__What is required__.
Your response should be every line of the data, written out exactly.

__Brief descriptive captions__.
------------------------
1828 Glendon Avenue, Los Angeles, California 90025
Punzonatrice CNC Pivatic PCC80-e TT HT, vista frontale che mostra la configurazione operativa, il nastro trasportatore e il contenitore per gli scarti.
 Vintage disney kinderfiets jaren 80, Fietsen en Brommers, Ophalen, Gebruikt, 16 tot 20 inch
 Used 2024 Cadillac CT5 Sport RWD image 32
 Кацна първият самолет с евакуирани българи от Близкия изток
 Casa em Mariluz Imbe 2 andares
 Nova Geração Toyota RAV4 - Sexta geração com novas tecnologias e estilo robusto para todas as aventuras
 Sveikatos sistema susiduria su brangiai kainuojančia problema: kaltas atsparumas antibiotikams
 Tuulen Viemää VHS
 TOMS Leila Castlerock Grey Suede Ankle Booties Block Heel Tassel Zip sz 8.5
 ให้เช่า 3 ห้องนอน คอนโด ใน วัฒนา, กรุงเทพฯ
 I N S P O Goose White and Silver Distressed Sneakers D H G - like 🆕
------------------------
__Problem solution__.
1828 Glendon Avenue, Los Angeles, California 90025
Punzonatrice CNC Pivatic PCC80-e TT HT, vista frontale che mostra la configurazione operativa, il nastro trasportatore e il contenitore per gli scarti.
 Vintage disney kinderfiets jaren 80, Fietsen en Brommers, Ophalen, Gebruikt, 16 tot 20 inch
 Used 2024 Cadillac CT5 Sport RWD image 32
 Кацна първият самолет с евакуирани българи от Близкия изток
 Casa em Mariluz Imbe 2 andares
 Nova Geração Toyota RAV4 - Sexta geração com novas tecnologias e estilo robusto para todas as aventuras
 Sveikatos sistema susiduria su brangiai kainuojančia problema: kaltas atsparumas antibiotikams
 Tuulen Viemää VHS
 TOMS Leila Castlerock Grey Suede Ankle Booties Block Heel Tassel Zip sz 8.5
 ให้เช่า 3 ห้องนอน คอนโด ใน วัฒนา, กรุงเทพฯ
 I N S P O Goose White and Silver Distressed Sneakers D H G - like 🆕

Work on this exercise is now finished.